## TASK GOAL:
As you work through the listing below, copy each line exactly and drop the images.

## DATASET CONTENT:
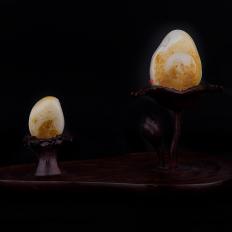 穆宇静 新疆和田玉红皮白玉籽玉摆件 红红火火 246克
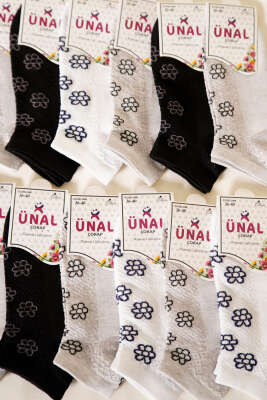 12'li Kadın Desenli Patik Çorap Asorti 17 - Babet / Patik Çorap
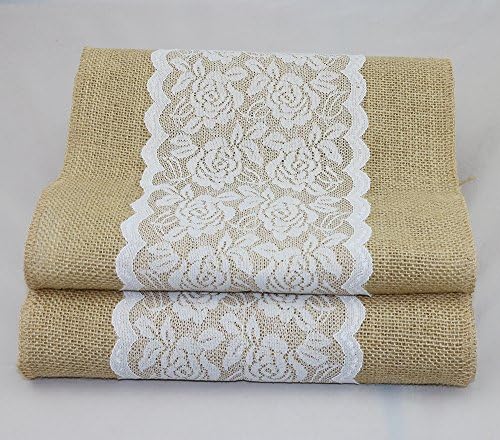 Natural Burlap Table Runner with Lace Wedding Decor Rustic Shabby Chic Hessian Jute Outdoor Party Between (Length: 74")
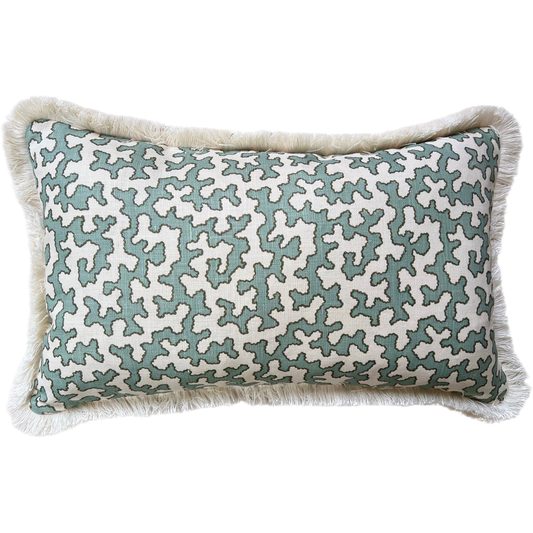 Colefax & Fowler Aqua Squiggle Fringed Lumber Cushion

## TASK OUTPUT:
 穆宇静 新疆和田玉红皮白玉籽玉摆件 红红火火 246克
 12'li Kadın Desenli Patik Çorap Asorti 17 - Babet / Patik Çorap
 Natural Burlap Table Runner with Lace Wedding Decor Rustic Shabby Chic Hessian Jute Outdoor Party Between (Length: 74")
 Colefax & Fowler Aqua Squiggle Fringed Lumber Cushion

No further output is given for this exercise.